Suggest best solution for schema with cross references

I have a collection of around 900K articles.

Each object in the Articles collection has some data such as title, text, author, date, category etc. For every Article I also have a list of Entities, people, places and organisations mentioned in that articles. Each article may have dozens of Entities.

Each Entity has an ID string (an internal URI), a kind (PER,LOC,ORG…) a descriptive label (matches one of the article’s entities) and MAY have a Link property (eg. the wikipedia page for a person).

I plan to do hybrid searches on the Articles and then only need to fetch additional related data from the Entities mentioned in them, so I guess that I do not necessarily need cross references?

How would you suggest I model this better in Weaviate?

1 Like

Hi @rjalex,

I hope you are doing great!

I tend to say based on what you have described, you do need cross-references. By using cross-references between the Article and Entity classes, you can efficiently query your data. This allows you to perform hybrid search on articles and fetch additional related data from the entities as needed.

In your Article collection, you may define a property for the cross-ref as following:
{
“name”: “entities”,
“dataType”: [“Entity”]
}

1 Like

Hey Mohamed thanks for your suggestions.

As with so many things in weaviate the way you setup your instance, the way you declare your collections and the way you query them is all related.
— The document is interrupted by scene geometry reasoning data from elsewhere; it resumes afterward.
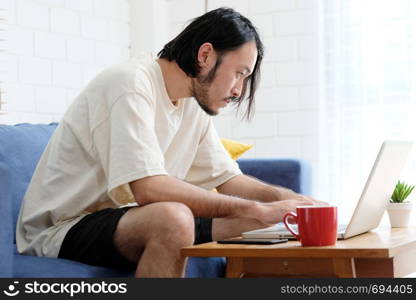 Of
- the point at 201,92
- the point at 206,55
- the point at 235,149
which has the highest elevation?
the point at 206,55

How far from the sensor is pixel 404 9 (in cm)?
367

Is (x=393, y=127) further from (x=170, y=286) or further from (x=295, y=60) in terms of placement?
(x=170, y=286)

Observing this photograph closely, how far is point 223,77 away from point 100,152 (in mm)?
457

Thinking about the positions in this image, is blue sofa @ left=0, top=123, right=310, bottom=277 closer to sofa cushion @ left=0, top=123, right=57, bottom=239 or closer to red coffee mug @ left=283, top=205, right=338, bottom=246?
sofa cushion @ left=0, top=123, right=57, bottom=239

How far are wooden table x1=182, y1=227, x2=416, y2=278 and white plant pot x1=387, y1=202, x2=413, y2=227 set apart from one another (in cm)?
47

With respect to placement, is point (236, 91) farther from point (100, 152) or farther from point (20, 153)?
point (20, 153)

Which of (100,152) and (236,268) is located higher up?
(100,152)

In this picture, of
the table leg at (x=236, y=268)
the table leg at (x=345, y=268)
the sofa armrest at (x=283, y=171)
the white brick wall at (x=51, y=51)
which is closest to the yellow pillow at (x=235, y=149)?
the sofa armrest at (x=283, y=171)

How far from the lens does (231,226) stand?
2125mm

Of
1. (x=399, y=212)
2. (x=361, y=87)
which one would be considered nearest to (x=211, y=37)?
(x=399, y=212)

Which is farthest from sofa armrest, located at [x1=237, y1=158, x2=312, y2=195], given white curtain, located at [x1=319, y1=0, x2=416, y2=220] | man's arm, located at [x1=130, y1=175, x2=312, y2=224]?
man's arm, located at [x1=130, y1=175, x2=312, y2=224]

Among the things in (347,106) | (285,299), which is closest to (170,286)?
(285,299)

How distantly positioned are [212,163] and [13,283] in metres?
1.04

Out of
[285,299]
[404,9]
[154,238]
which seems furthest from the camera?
[404,9] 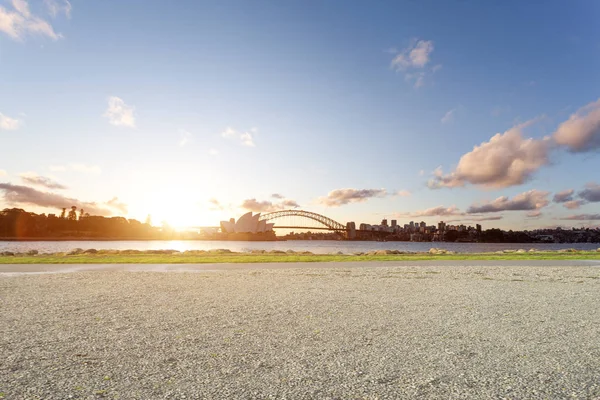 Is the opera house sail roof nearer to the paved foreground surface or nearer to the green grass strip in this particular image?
the green grass strip

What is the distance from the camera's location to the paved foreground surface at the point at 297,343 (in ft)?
15.0

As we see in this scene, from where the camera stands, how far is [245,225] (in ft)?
484

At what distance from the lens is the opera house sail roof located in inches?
5768

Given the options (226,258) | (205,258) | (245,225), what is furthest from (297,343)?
(245,225)

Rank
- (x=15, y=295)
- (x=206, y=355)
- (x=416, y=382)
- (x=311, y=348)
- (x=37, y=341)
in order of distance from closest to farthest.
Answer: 1. (x=416, y=382)
2. (x=206, y=355)
3. (x=311, y=348)
4. (x=37, y=341)
5. (x=15, y=295)

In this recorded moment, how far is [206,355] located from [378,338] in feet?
8.94

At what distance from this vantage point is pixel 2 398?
4.21m

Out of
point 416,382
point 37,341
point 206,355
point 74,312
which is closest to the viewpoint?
point 416,382

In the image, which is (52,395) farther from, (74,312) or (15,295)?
(15,295)

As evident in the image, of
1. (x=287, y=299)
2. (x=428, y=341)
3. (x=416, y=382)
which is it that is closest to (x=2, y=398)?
(x=416, y=382)

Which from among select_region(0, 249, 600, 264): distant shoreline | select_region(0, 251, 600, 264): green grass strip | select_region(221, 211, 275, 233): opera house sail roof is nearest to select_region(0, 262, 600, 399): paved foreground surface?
select_region(0, 251, 600, 264): green grass strip

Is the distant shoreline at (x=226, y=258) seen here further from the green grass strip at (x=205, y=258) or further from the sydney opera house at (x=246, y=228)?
the sydney opera house at (x=246, y=228)

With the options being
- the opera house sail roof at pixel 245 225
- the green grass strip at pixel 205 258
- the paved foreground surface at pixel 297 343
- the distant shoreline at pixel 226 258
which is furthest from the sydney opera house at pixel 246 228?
the paved foreground surface at pixel 297 343

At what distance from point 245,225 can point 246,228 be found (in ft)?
4.09
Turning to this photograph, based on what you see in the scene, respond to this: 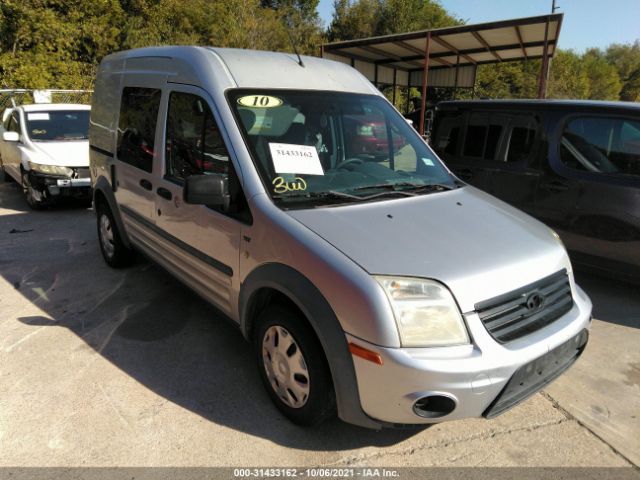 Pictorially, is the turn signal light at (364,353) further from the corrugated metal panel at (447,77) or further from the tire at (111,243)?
the corrugated metal panel at (447,77)

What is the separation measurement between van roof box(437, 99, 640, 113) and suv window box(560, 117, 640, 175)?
0.35 feet

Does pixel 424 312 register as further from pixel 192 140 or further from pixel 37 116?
pixel 37 116

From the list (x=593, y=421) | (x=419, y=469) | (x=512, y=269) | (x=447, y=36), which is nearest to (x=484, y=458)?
(x=419, y=469)

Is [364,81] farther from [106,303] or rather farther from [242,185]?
[106,303]

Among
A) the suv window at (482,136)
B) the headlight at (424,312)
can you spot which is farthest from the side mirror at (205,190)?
the suv window at (482,136)

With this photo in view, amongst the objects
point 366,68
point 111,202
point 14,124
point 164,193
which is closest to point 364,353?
point 164,193

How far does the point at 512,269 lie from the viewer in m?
2.30

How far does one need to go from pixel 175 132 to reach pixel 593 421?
10.7 feet

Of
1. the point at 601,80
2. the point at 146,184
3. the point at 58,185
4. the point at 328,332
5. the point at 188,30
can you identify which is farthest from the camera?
the point at 601,80

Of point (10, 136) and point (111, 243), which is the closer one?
point (111, 243)

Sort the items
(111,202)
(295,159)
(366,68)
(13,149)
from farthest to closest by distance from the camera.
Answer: (366,68) → (13,149) → (111,202) → (295,159)

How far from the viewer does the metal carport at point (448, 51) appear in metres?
11.3

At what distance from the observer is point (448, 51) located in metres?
14.9

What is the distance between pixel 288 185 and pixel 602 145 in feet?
10.5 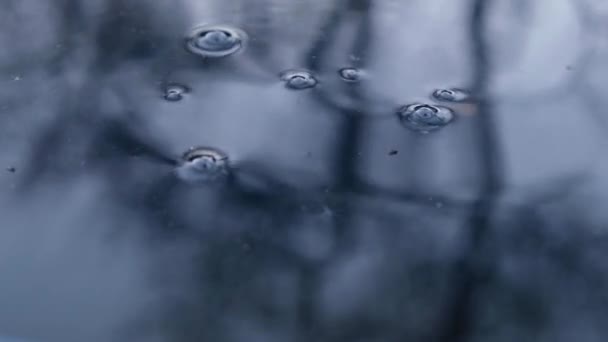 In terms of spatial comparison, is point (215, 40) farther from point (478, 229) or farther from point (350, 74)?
point (478, 229)

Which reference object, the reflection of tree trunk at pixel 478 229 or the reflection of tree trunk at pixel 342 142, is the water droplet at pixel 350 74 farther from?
the reflection of tree trunk at pixel 478 229

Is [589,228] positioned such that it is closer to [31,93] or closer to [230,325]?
[230,325]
I therefore tried to write some python code to define and fill two collections where the Articles have multiple references to an Entities collection.

Just to check if I get the logic:
a) define the Entities collection
b) define the Articles collection and add a References segment referring to Entities
c) Fill the Entities collection as needed (with an applicative unique UID)
d.1) Fill the Articles collection with the properties of that only (with appl UID)
d.2) For each related Entity create a reference object with the Article_UUID, the name of the Reference property and the Entity UUID
d.3) collection.data.reference_add_many(references_list)

Is this correct? All of the code can be seen below. If this is right I will then proceed to understand how do the queries work with this.

Take care

import weaviate
import weaviate.classes.config as wvcc
from weaviate.util import generate_uuid5
from weaviate.exceptions import WeaviateBaseError
from weaviate.classes.data import DataReference

######## CONSTANTS
ART_COLL_NAME_STR = "ArticlesTest"
ENT_COLL_NAME_STR = "EntitiesTest"
CROSS_PROPERTY_NAME = "hasEntities"
BM25_PARAMS = {
    "bm25_b": 0.75,
    "bm25_k1": 1.2,
    "cleanup_interval_seconds": 60,
    "index_timestamps": False,
    "index_property_length": False,
    "index_null_state": False,
    "stopwords_preset": None,
    "stopwords_additions": ["di", "a", "da", "in", "con", "su", "per", "tra", "fra"],
    "stopwords_removals": None,
}

wv_client = weaviate.connect_to_embedded()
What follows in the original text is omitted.